The Voice of Truth Cannot Be Silenced! #StandWithPrashantBhushan

“Truth hurts! It has to be spoken. The least we can do is #StandWithPrashantBhushan,” tweeted Yogendra Yadav, since the Supreme Court informed the lawyer-activist Prashant Bhushan and Twitter in a contempt suit on Wednesday 22 July.

This tweet was in response to a suo moto case that has been launched against Prashant Bhushan and Twitter India by a bench of Justices Arun Mishra, BR Gavai, and Krishna Murari in regards with two tweets posted by Bhushan. Twitter has since exploded with responses to the apex court order, with a #StandWithPrashantBhushan movement doing the rounds.

Stand With Prashant Bhushan

The situation with Prashant Bhushan

On Wednesday, a three Supreme Court judge bench consisting of Arun Mishra, BR Gavai, and Krishna Murari released a notice of contempt of court proceedings against both Prashant Bhushan and social media giant Twitter.

The Supreme Court observed, “We conclude, prima facie, that the above-cited remarks on Twitter have undermined the administration of justice and are capable of undermining the integrity and legitimacy of the Supreme Court institution in general and, in particular, the office of the Chief Justice of India in the eyes of the general public.”

Prashant Bhushan had said in a series of tweets that “democracy was ruined” and pointed to the position of the last four Chief Justices and the BJP government.

Prashant Bhushan additionally positioned out tweets with images of incumbent CJI SA Bobde sitting on a superbike, challenging him amid the coronavirus pandemic for breaching mask and social distancing norms. The SC bench asked Twitter why they didn’t delete outrageous tweets.

The response of officials of Twitter

Senior advocates Sajan Poovayya, on behalf of Twitter Communications India, told SC that Twitter Inc, USA, and not twitter India is the right party to the proceedings. The lawyer also argued that Twitter as a website should not be able to uninstall or censor tweets without clear court orders.

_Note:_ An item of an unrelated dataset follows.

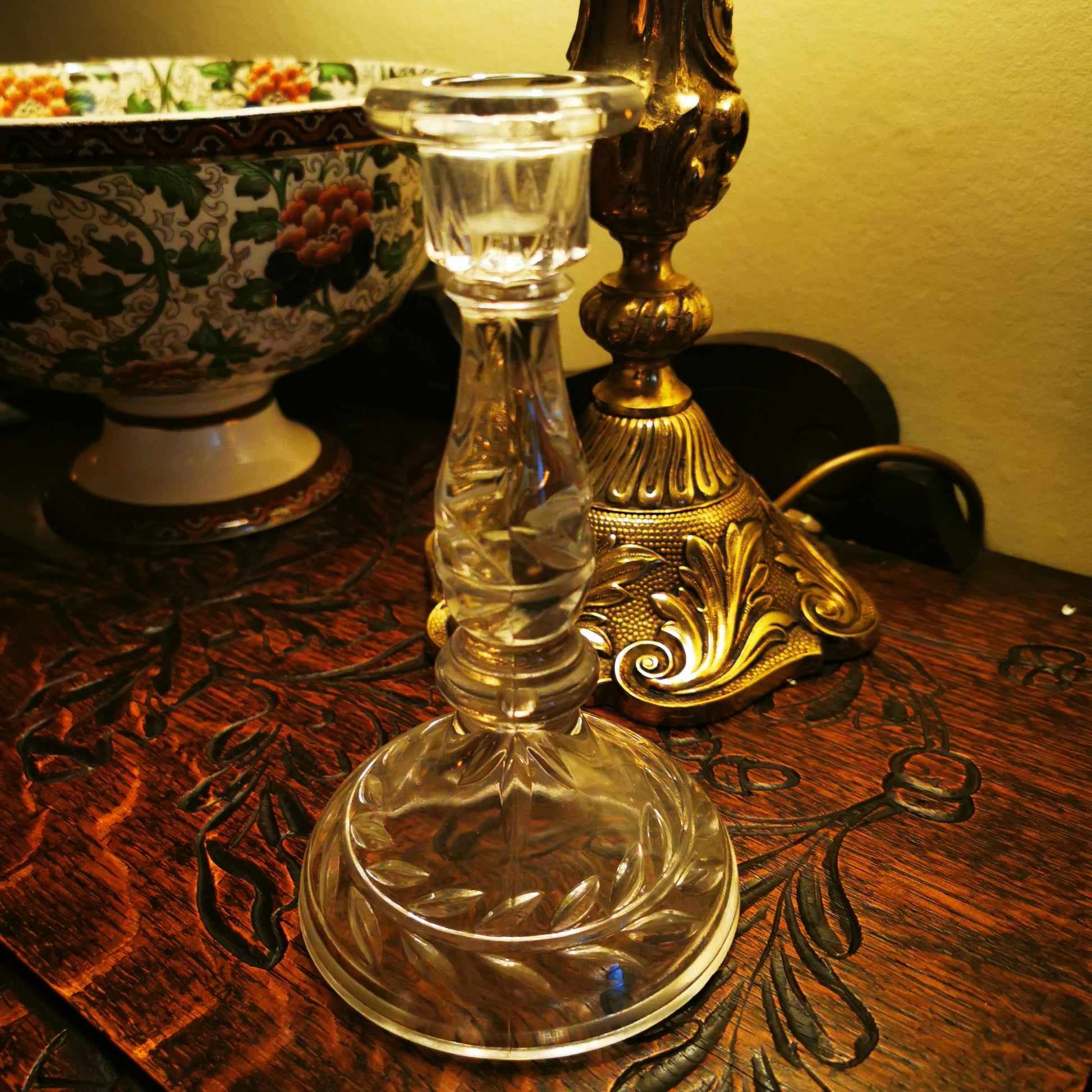 english-pressed-glass-candlesticks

“Twitter is a standalone websiteWithout a court order, we cannot delete tweets, “Poovayya argued. Nevertheless, the bench questioned why the social media site hadn’t deleted the tweet even after the court took up the issue of suo moto contempt.

“As a court official, I would ask the court to pass orders,” Poovayya said, who then told the court that he would “advise his client” on the matter. The court also asked India’s attorney general to assist in the case, and will now hear the matter on August 5.

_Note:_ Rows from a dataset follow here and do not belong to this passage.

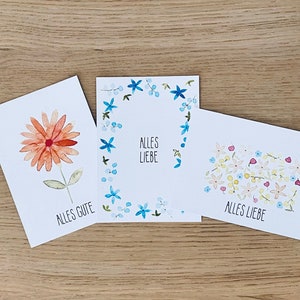 Postkartenset Blumengrüße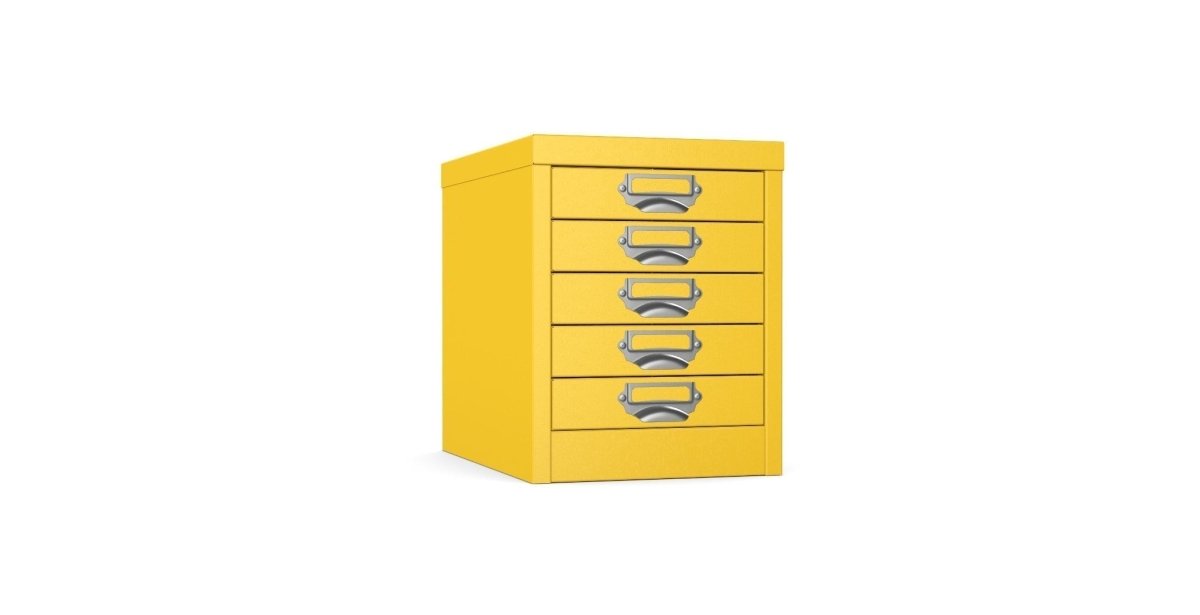 Multidrawer Storage 5 Drawer by Silverline MDUR05 Lemon Yellow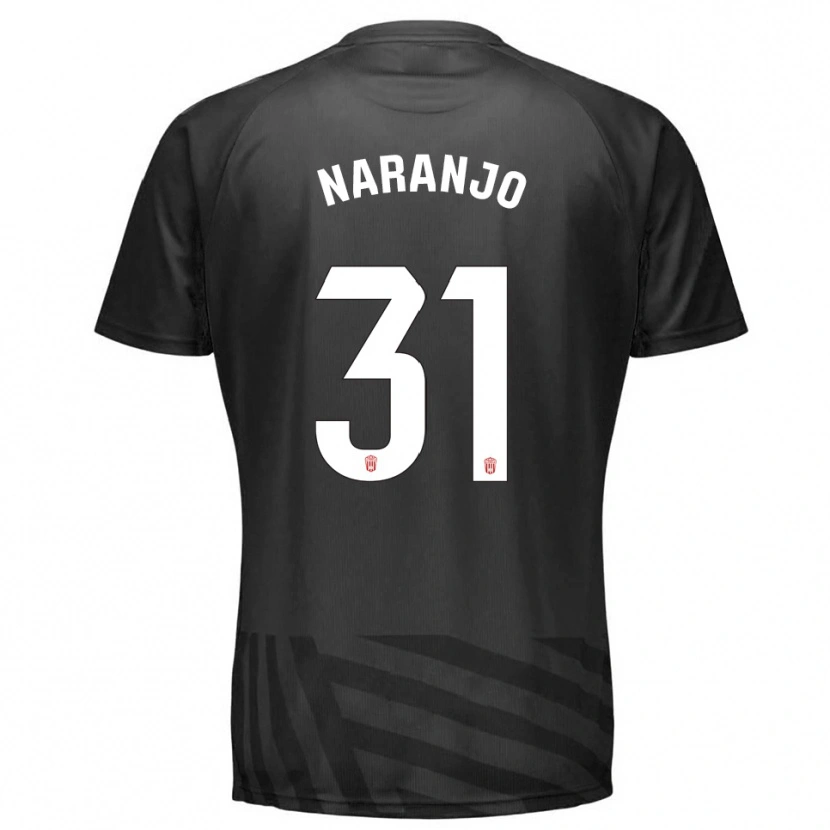 DanxenレディースDavid Naranjo#31グレーブラックゴールキーパー シャツ2025/26ジャージーユニフォーム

Meanwhile, the hashtag # StandWithPrashantBhushan has launched many social media posts to help the lawyer. The tweets and social media articles have also asked why during the corona pandemic the SC took up such a case of contempt.

Response of Twitter

Some of the arguments put forward in support of Prashant Bhushan were

  • Supreme Court’s Constitution of India & Institution is far more sacrosanct than the views of a few citizens, entrusted with safeguarding these ethical foundations, but has repeatedly been ignored.
  • Amid the pandemic, SC was quiet about violence against political prisoners and activists. Yet for questioning SC’s shortcomings, Prashant Bhushan who always stands for reality and innocents is charged for contempt.
  • It’s a great time to optimize it’s bringing judicial and artificial ‘honor.’ The judiciary will reshape its attitude to masses and sincere commitments. This would not long become an archival site, either.
  • The comment by Prashant Bhushan about the judges & the SCI is not a willful accusation. He aims to strengthen democracy, to elevate judicial status in the minds of Indians. SC will take the positives on these issues and drop all charges against him.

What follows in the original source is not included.